_INSTRUCTIONS TO FOLLOW_
Lower down are entries containing pictures. Copy exactly, without those pictures, the lines from the line with "Hi guys! Welcome" through the line with "Add 25 microliters".
RECORDS SHOWN below:
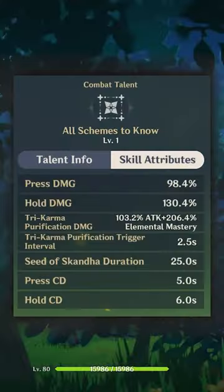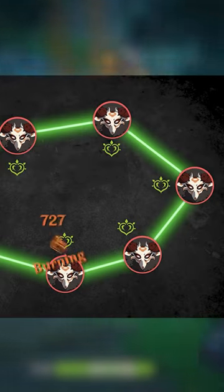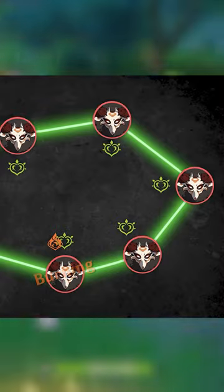Here is how Nahida's elemental skill actually works. Up to 8 enemies caught in the previous part of the elemental skill will get chained up, and whenever one of them receives an elemental reaction, every single chained enemy will receive a Dendro attack.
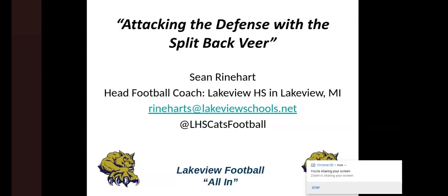All right, share your screen — the floor is yours. This is attacking the defense with the split back veer. My name is Sean Reinhart; I'm the head football coach at Lakeview High School in Lakeview, Michigan, about 45 minutes north of Grand Rapids. That's my email and our Twitter handle. If you're interested in getting more information, please don't hesitate to reach out.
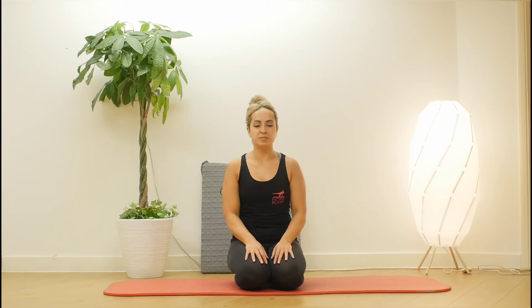Hi guys! Welcome to Pilates. Today I will be taking you through how to achieve a neutral position in your spine whilst you're lying down on your mats.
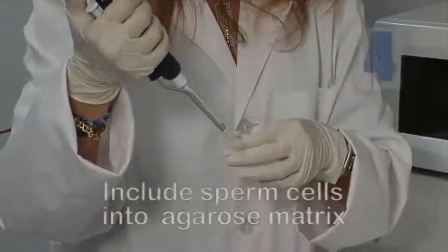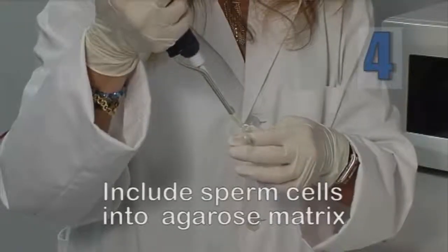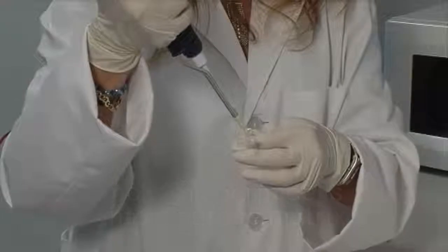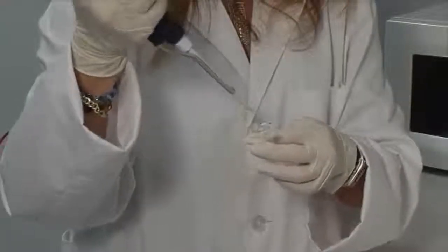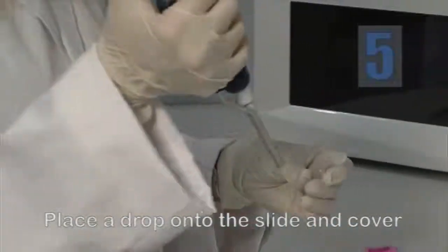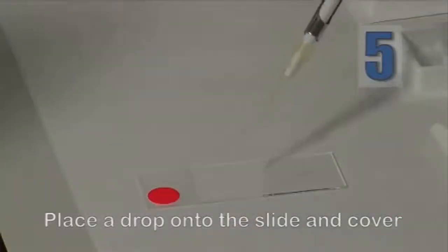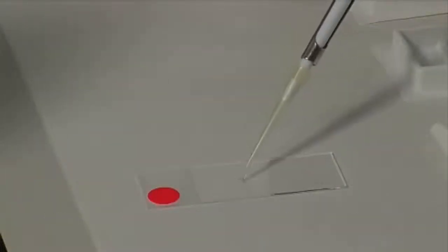Add 25 microliters of diluted semen to the liquefied agarose and homogenize. Place a 15 microliter drop of the mixture onto the pre-treated side of the slide and cover with a coverslip.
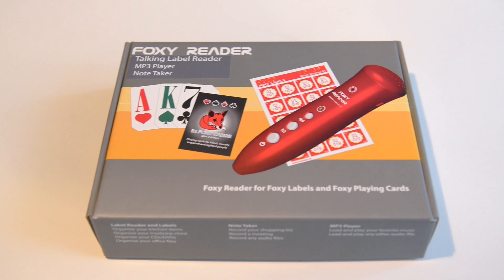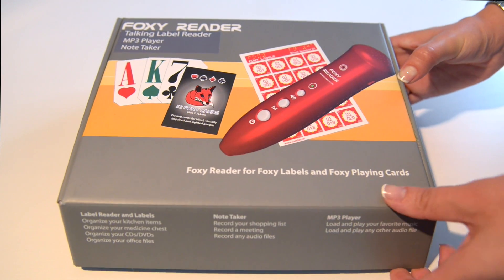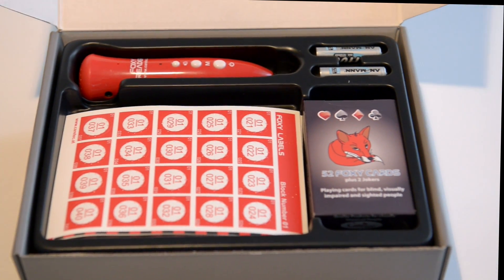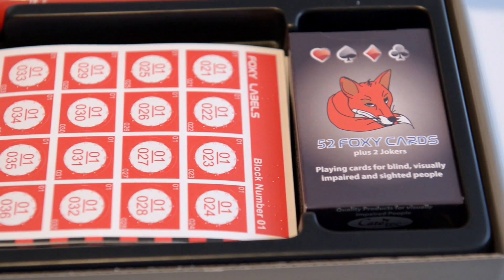Foxy Reader, the latest high-tech product for blind and visually impaired people by CareTech. Let's take a closer look. The package includes the Foxy Reader, Foxy Labels and Tags, and Foxy Cards.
End of RECORDS SHOWN.
_TASK RESULT_
Hi guys! Welcome to Pilates. Today I will be taking you through how to achieve a neutral position in your spine whilst you're lying down on your mats.
Add 25 microliters of diluted semen to the liquefied agarose and homogenize. Place a 15 microliter drop of the mixture onto the pre-treated side of the slide and cover with a coverslip.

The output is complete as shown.